School buses are seen in the parking lot of a hockey arena in Dartmouth on Wednesday, July 22, 2020. — Photo: Zane Woodford

Yesterday, Education Minister Becky Druhan announced that Nova Scotia’s public schools will resume with in-person classes on January 10.

“We know that the best place for students is in school where they have continued access to learning and the supports and services they need for their emotional and mental well-being,” said Druhan in a press release and again in person at a briefing with reporters yesterday afternoon.

The announcement comes as the province is dealing with unprecedented COVID case numbers because of the Omicron variant.

“Our approach to returning to schools is about balance,” explained Chief Medical Officer of Health Dr. Robert Strang at the briefing. “One of our key priorities has always been to keep children in school whenever possible. The concerns about controlling the spread of what is generally a relatively mild disease in children need to be weighed against the clear harms and risks associated with children not being in school and learning at home. School is so important in so many ways, for some children, it’s their safe place where they get the most support physically and emotionally. And many children are not able to learn effectively online, from home. I know this shift will be difficult, but it is the right path forward.

“With COVID presenting now, it’s become clearer and clearer that for children and youth, it is by and large a relatively mild disease,” continued Strang.

More broadly, Strang said his top concern is protection of the hospital system. “Our hospitalizations have moderately increased, but so far the health system is managing, despite [that] many health care workers are sick or isolating,” he said. “However, we are seeing a trend in increasing hospitalizations across the country and we need to keep a close eye on that over the coming weeks. There is often a delay of two to three weeks between cases and hospitalizations.”

I asked Strang specifically about that:

Bousquet: Dr. Strang, you said there’s been a moderate increase in hospitalizations, but you didn’t put a figure on that. I’m curious, have any children been hospitalized?

Strang: We have not, to date throughout the pandemic, had children hospitalized directly as a result of COVID.

I don’t know what “directly” means in that context.

It’s difficult to understand what the hospitalization situation is now, and predict what it will be in coming weeks.

Lots of people are sending me news articles about Omicron hospitalizations in other countries, but the disease and vaccine situations vary so much that’s it’s impossible to make direct comparisons.

For example, South Africa has a low vaccination rate, and a relatively young population. Complicating it further, that country has seen a shifting vaccination program, starting with AstraZeneca, moving to Johnson & Johnson, and then to Pfizer.

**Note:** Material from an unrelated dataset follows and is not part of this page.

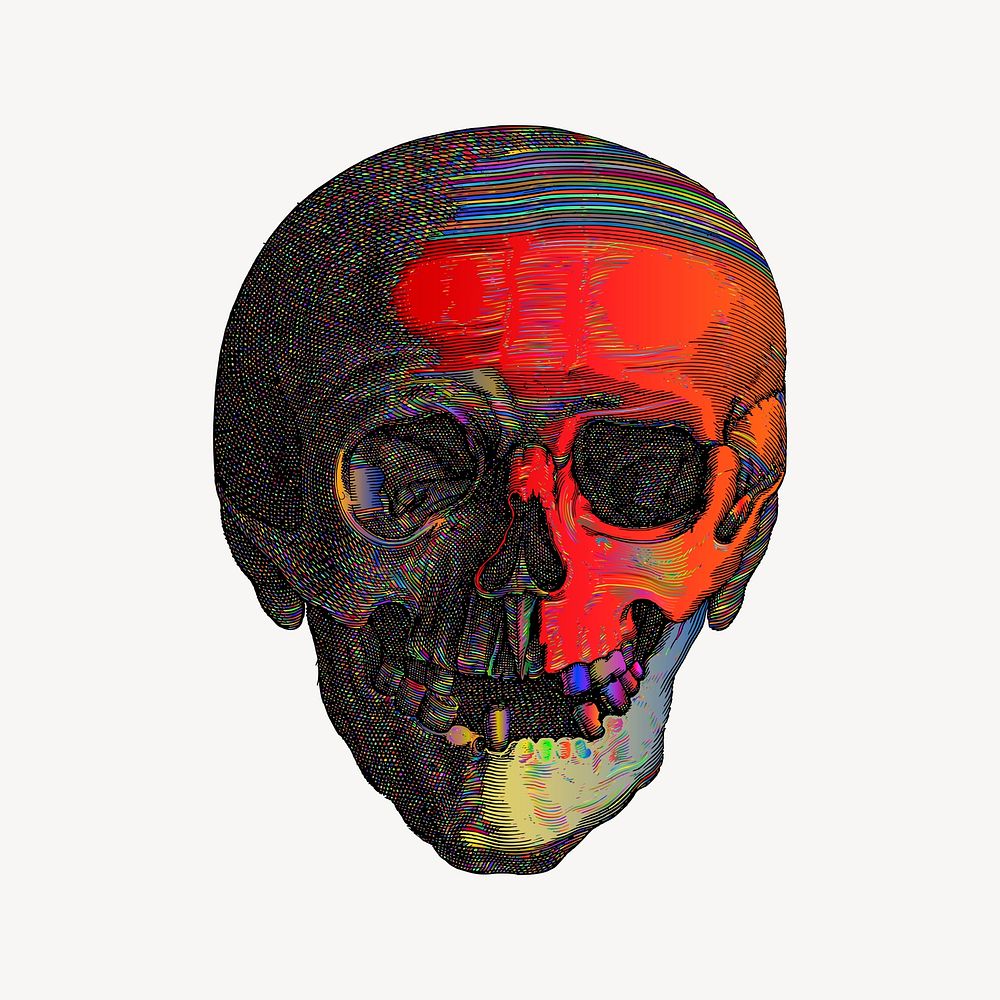 Colorful skull clipart, death illustration vector. Free public domain CC0 image.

Great Britain has a relatively high vaccination rate for adults over 18, but very low (close to zero) for children, and the adults mostly received two doses of AstraZeneca, which appears to provide less protection against Omicron than do two doses of an mRNA vaccine.

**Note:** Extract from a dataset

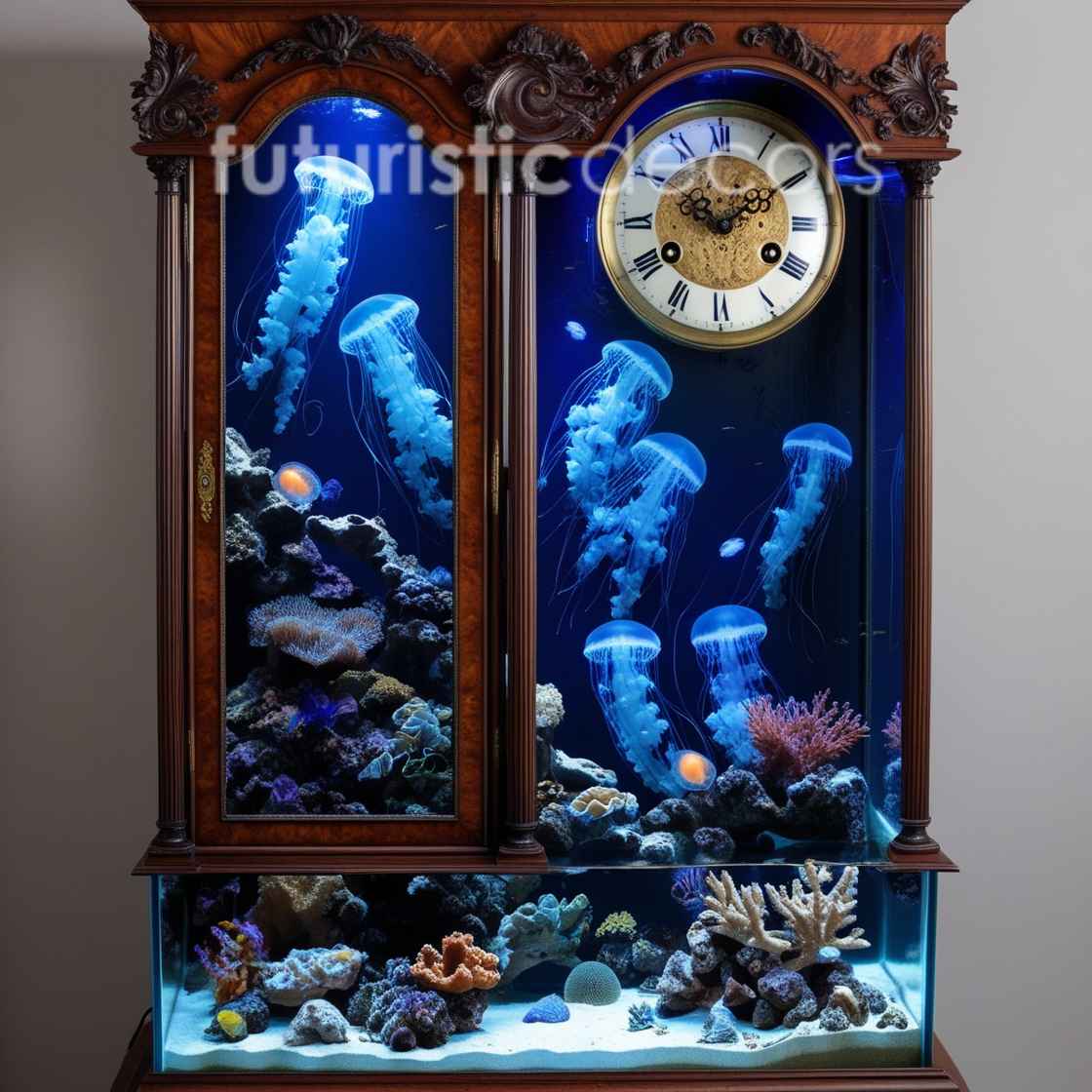 Jellyfish Grandfather Clock Style Aquarium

New York has high rates of mRNA vaccination, but there are large pockets of unvaccinated people, including among poor people in particular racial categories, who may have more difficulty accessing the privatized health system in the US.

And Florida is, well, Florida.

I’m not saying that Nova Scotia won’t face the same sort of hospitalization challenges other jurisdictions have faced. Rather, I’m saying we just don’t know. There’s isn’t enough information to make an informed prognosis.

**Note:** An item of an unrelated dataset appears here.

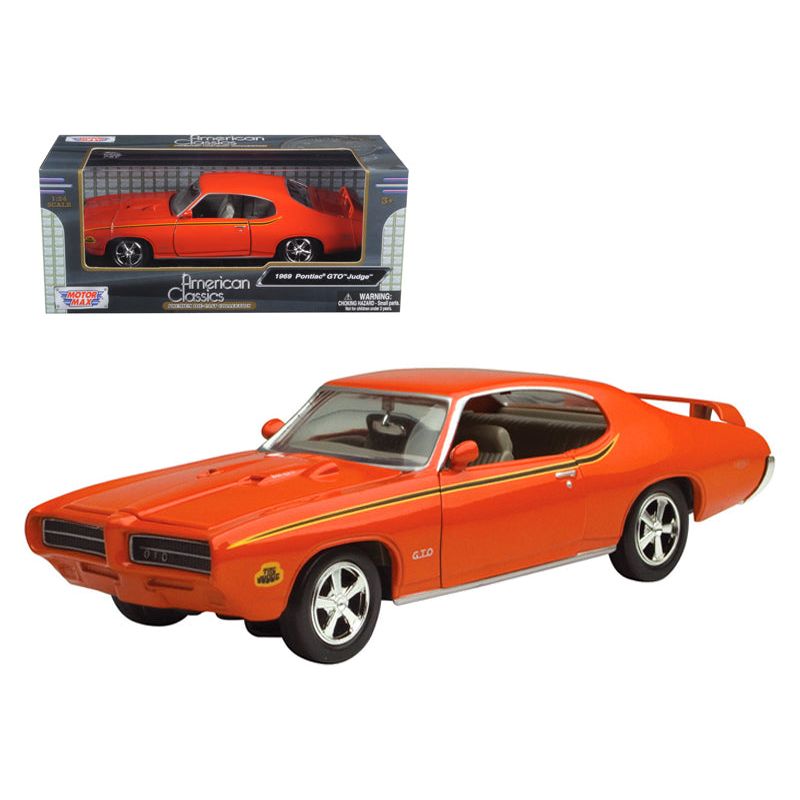 1969 Pontiac GTO Judge Orange with Stripes 1/24 Diecast Model Car by Motormax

What’s needed is more data specific to Nova Scotia.

Unfortunately, due in part to the Christmas holidays, but mostly due to a Public Health system overburdened by Omicron cases, those data are lacking. The Department of Health hasn’t even released hospitalization figures since last Friday, when there were 15 people in hospital with COVID, four of whom were in ICU; Strang said yesterday that hospitalizations have increased “moderately” but didn’t put a number to them.

Additionally, the province has stopped reporting the vaccination status of new cases, hospitalizations, and deaths. Since June, that information has been reported every Friday, but last week, citing the delays in inputting case data into the province’s database, it was not reported.

But exactly now, in a severe outbreak situation, is when we need that information the most. As I explained in an email to the Department of Health:

Understand that I fully appreciate that Public Health is overwhelmed with thousands of new cases, that contact tracing is behind, and that workers are working overtime and more. It probably is in fact too much of an ask to request that the vaccination status of new cases be recorded and made public.

However, I don’t see it that way for hospitalizations and deaths. We haven’t seen hospitalization numbers since Friday, but since the Omicron outbreak, there have been fewer than 10 new hospitalizations (four is what Dr. Strang said last briefing), and there’s been one death.

I don’t think it’s at all unreasonable to ask for the vaccination status of five people.

I’m not asking out of idle curiosity. This information will give the public a better understanding of the risks associated with Omicron — how many (and at what rate) are vaccinated people being hospitalized? This is information that can better inform people’s decision-making about how to behave in the world.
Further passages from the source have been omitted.